Cold regions experience some of the most dynamic hydrodynamic processes on the planet and are undergoing rapid environmental change from rising sea levels, increased storms, and melting permafrost. While there is no universally accepted definition of a cold region or cold climate, it generally includes regions that experience harsh winter storms and ice, scouring currents for at least part of the year. These harsh environments may also limit substrate and vegetation options and are often remote posing additional logistics and travel challenges to working in these regions.
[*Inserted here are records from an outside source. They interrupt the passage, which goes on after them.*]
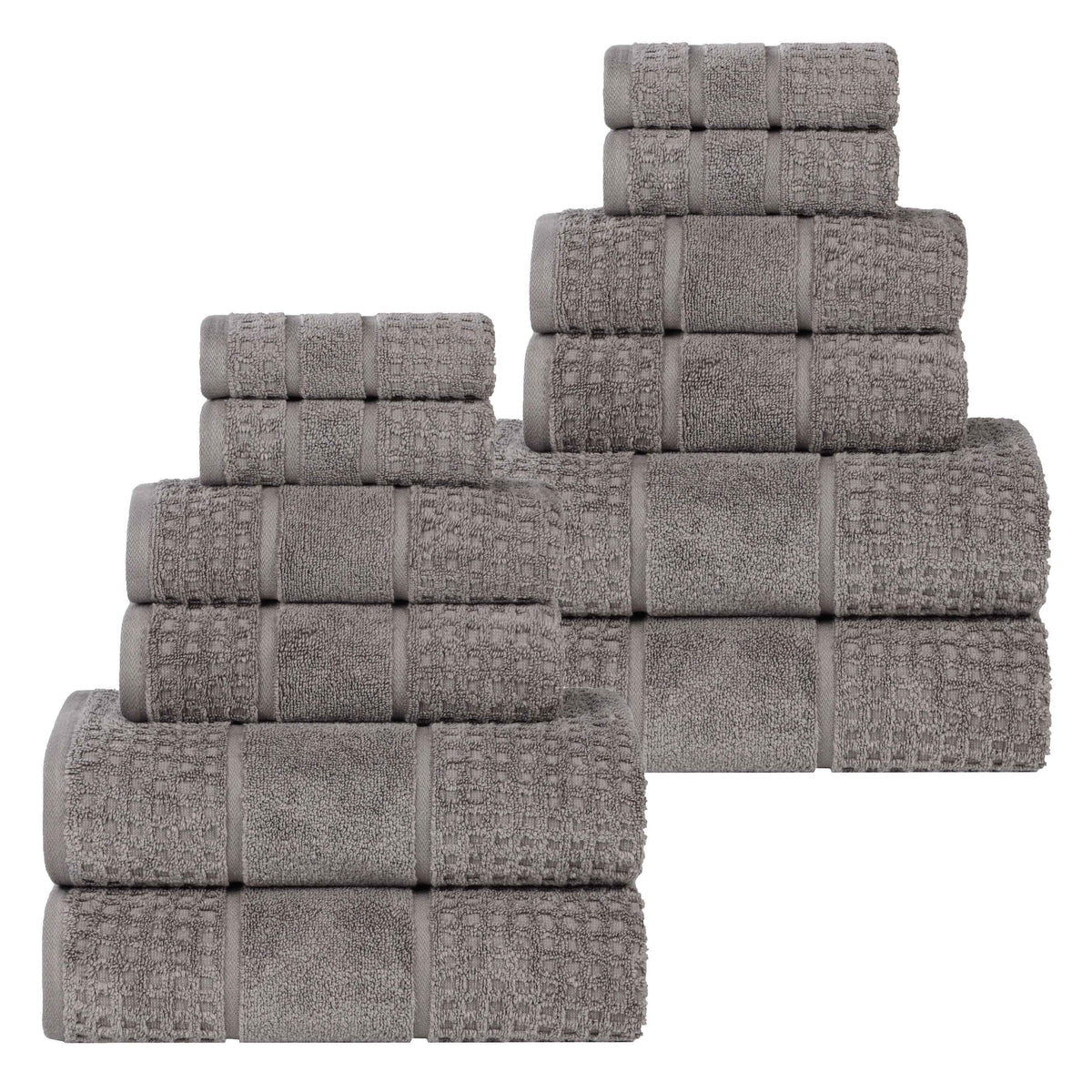 Napa Zero Twist Cotton Solid Waffle Honeycomb 12 Piece Towel Set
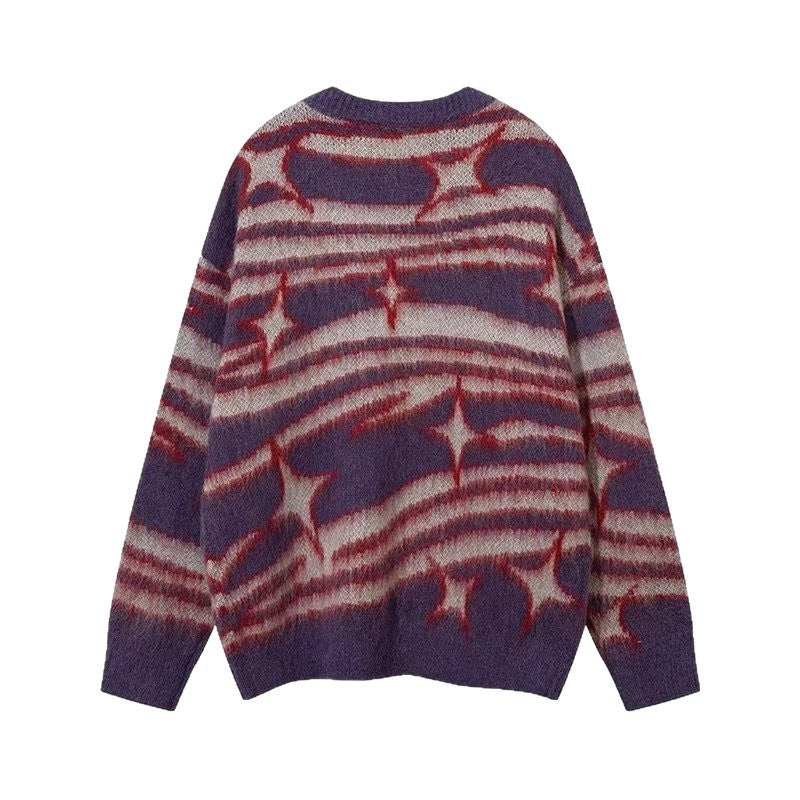 Damen Modischer Grobstrickpullover mit grafischem Muster Drune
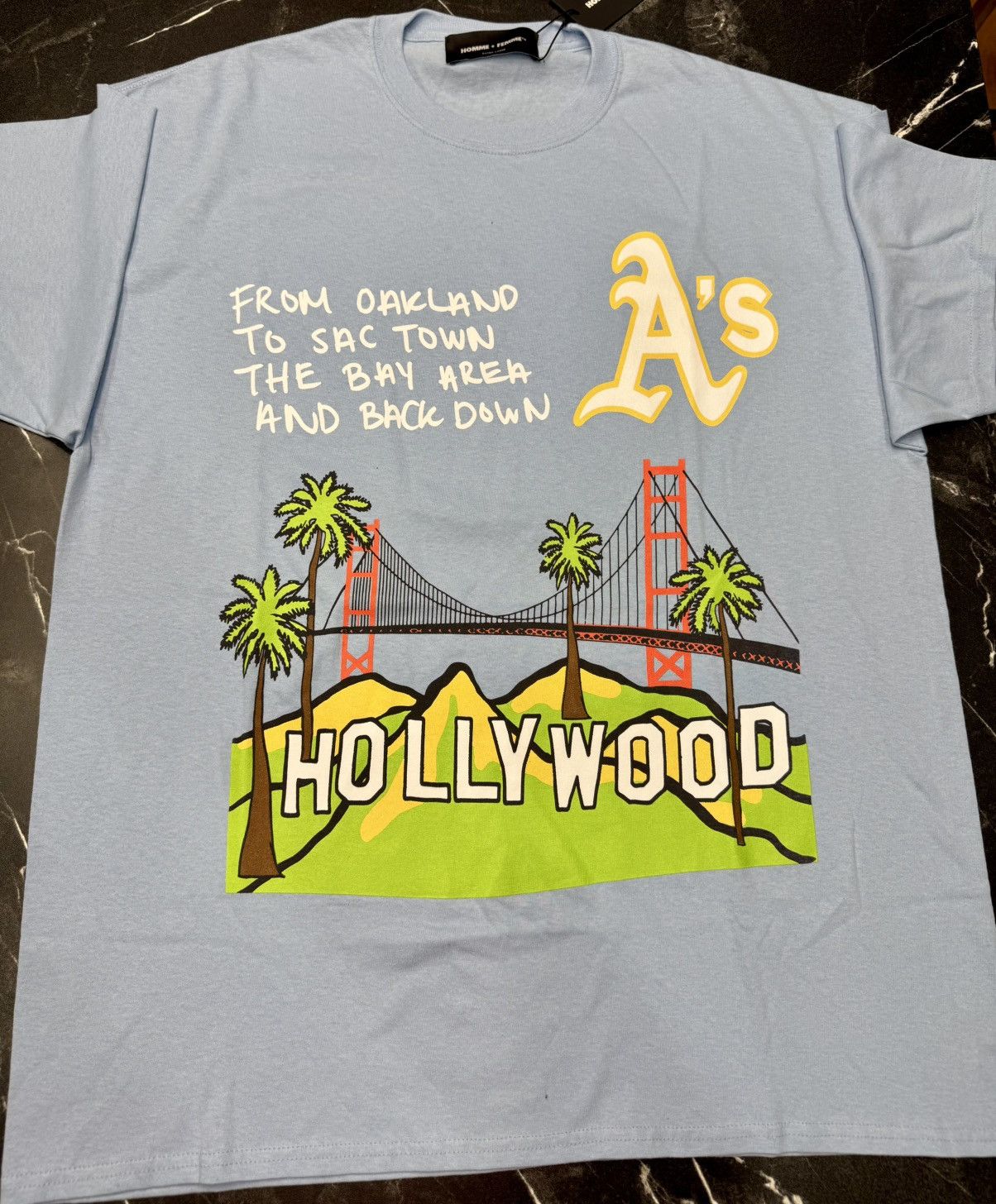 Homme + Femme La 🔥 Light Blue Homme + Femme “Back to Cali” 👕 Size XL Brandnew Size US L / EU 52-54 / 3 - 2 Thumbnail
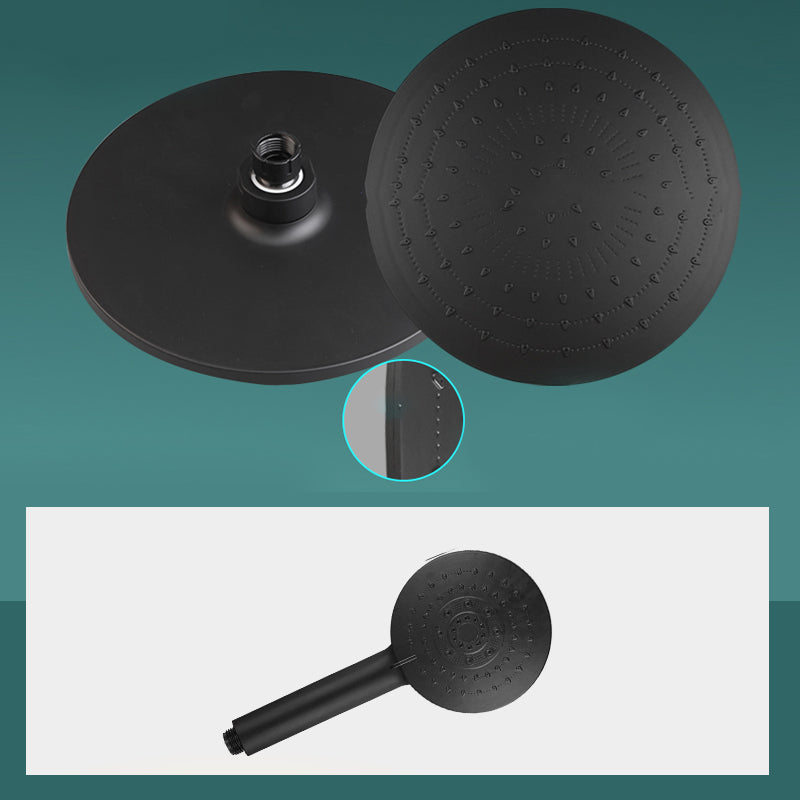 Modern Rectangle Shower Head Combo Standard Spray Pattern with Handheld Shower Head 9"L x 9"W Black Handheld Shower & Large Shower Head Clearhalo 'Bathroom Remodel & Bathroom Fixtures' 'Home Improvement' 'home_improvement' 'home_improvement_shower_heads' 'Shower Heads' 'shower_heads' 'Showers & Bathtubs Plumbing' 'Showers & Bathtubs' 7407210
The entire coastline of Canada, and parts of the U.S. northeast and Pacific northwest coasts, Great Lakes, and Alaska are situated in cold regions.
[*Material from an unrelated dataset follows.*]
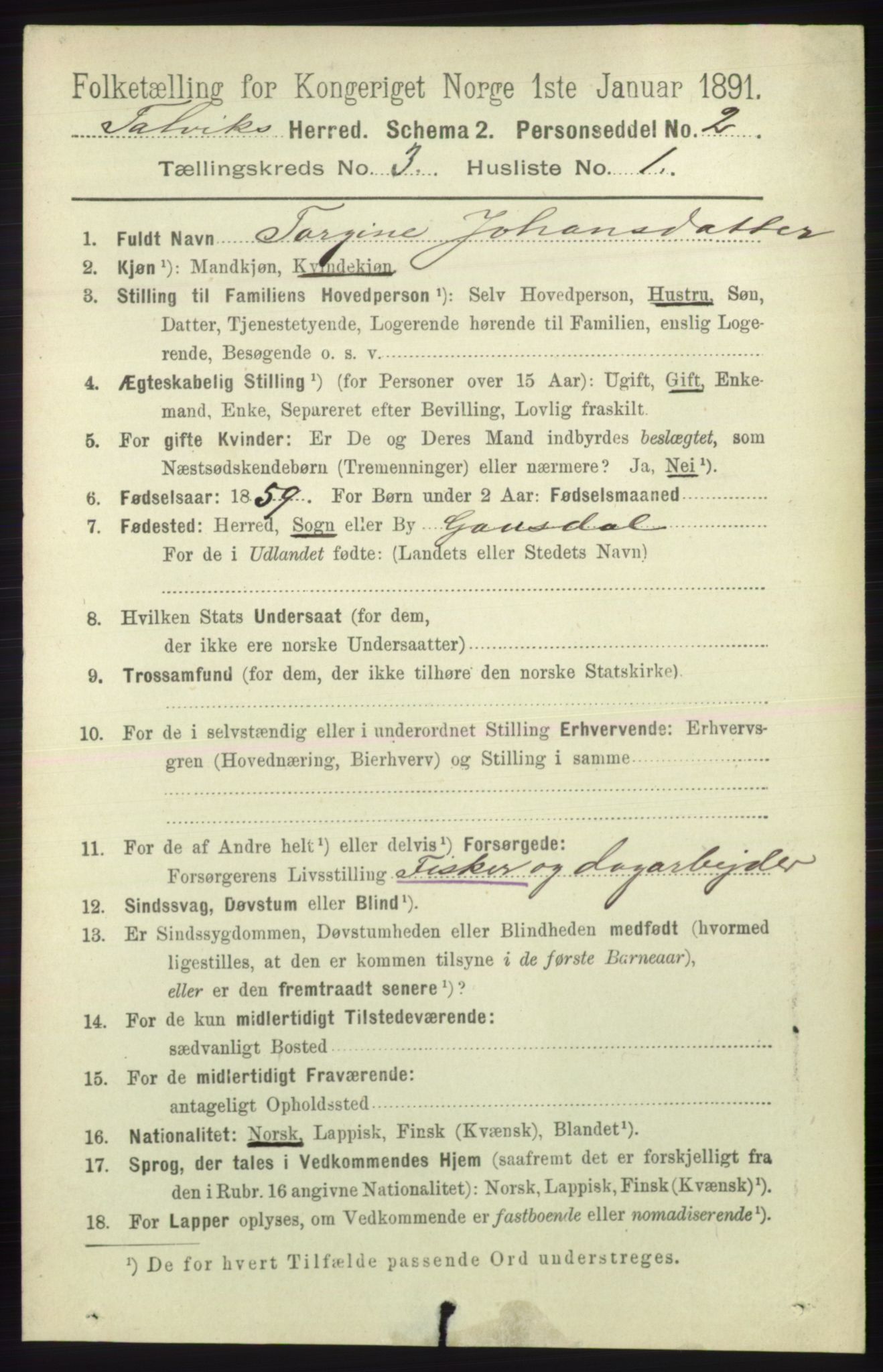 RA, 1891 census for 2013 Talvik, 1891, p. 724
The 5-day event featured field visits, a two-day symposium for development of Canada-specific natural infrastructure guidelines and a workshop to engage critical discourse around the feasibility of nature-based adaptation to climate change by defining successful cases, developing frameworks, and mobilizing collective lessons learned.
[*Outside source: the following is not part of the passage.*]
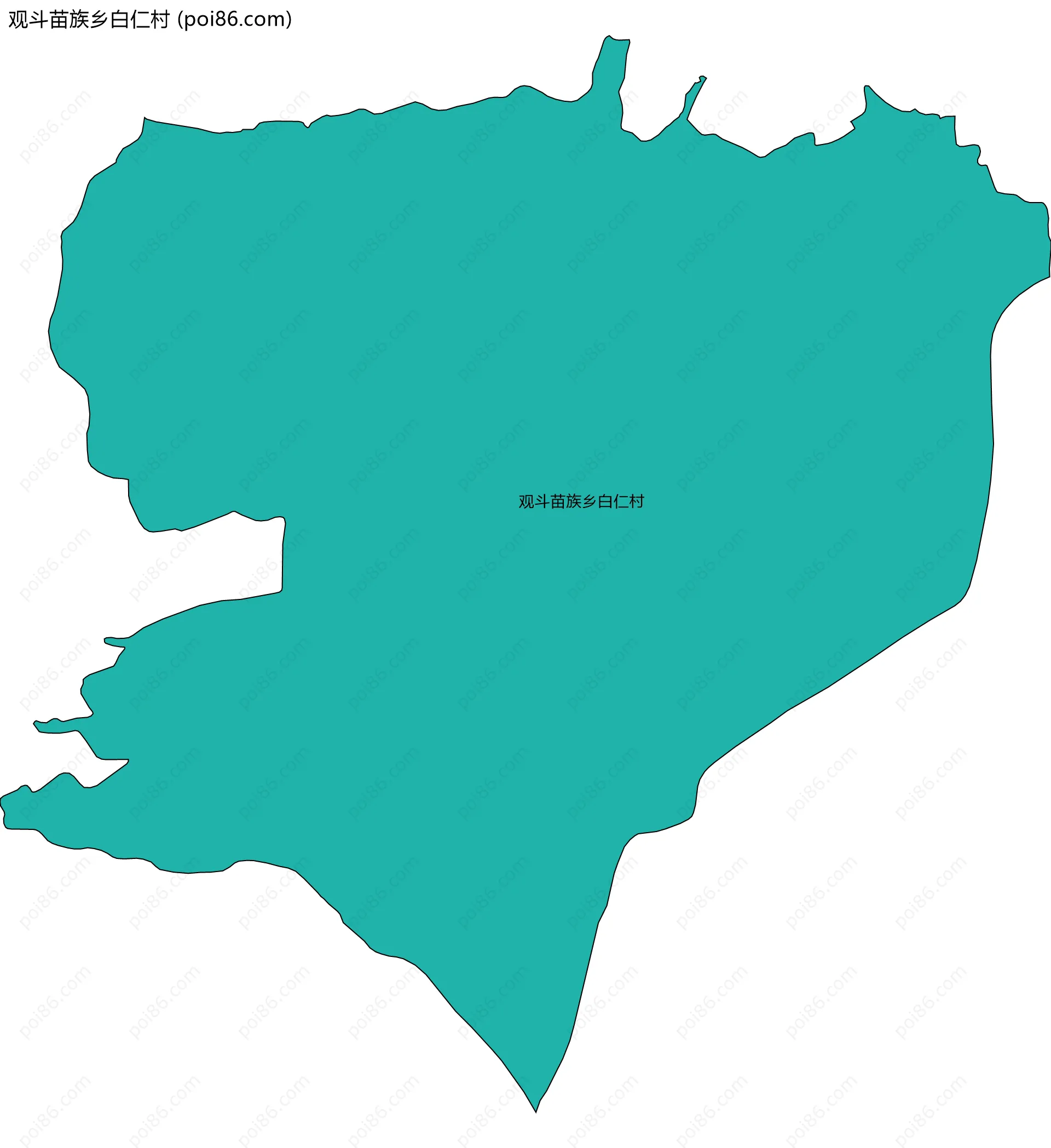 观斗苗族乡白仁村边界地图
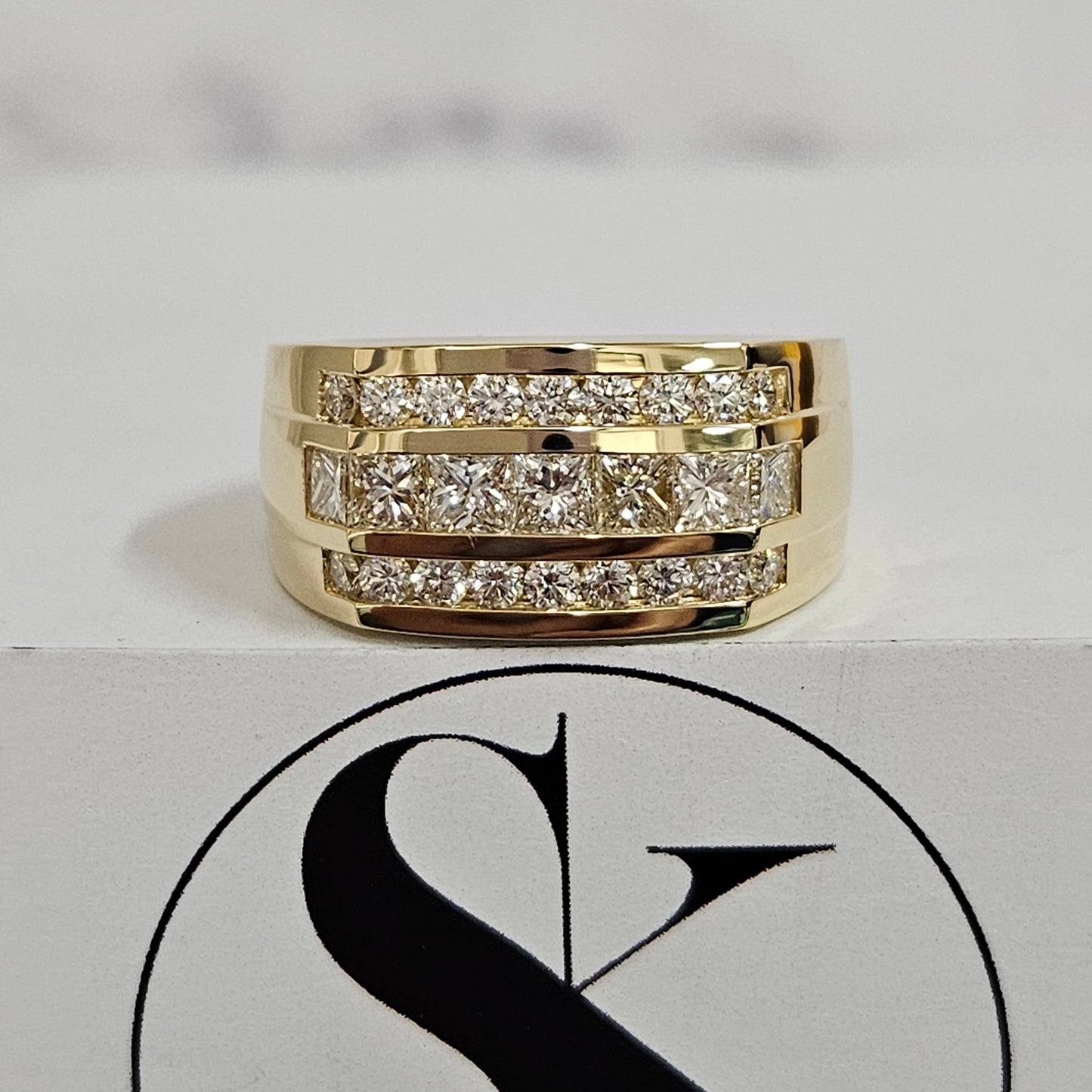 18K Princess Cut & Round Diamond Men's Ring/ Brilliant 2.1ct Diamond Anniversary Ring/ Princess Cut Diamond Men's Ring/Anniversary Gift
Dr. Jeff King, Deputy Lead for the EWN Program was the invited keynote speaker for the event. He emphasized cross-border collaboration and knowledge sharing between the countries as a way to accelerate the use of nature-based solutions. He identified six knowledge gaps and barriers: engineering methods and standards, improved benefit/cost analysis, monitoring and evaluation of performance, integration of people and policy, governance specific to NBS, education and training at all levels.
As part of the event, a symposium was held to support chapter development for a Canadian Engineering Guidance document focused on cold regions. This document will build on USACE’s 2021 International NNBF Guidelines by focusing on rocky shores, permafrost, and beaches in cold regions. This was an opportunity for EWN to share lessons learned, from development of the International NNBF Guidelines and subsequent research, with Canada.
Presented in collaboration with the National Research Council and Coastal Zone Canada’s Cold Regions Shorelines Community of Practice, this combined event connected coastal practitioners, coastal engineers, natural and social scientists, professors, students, planners, politicians, and Indigenous groups.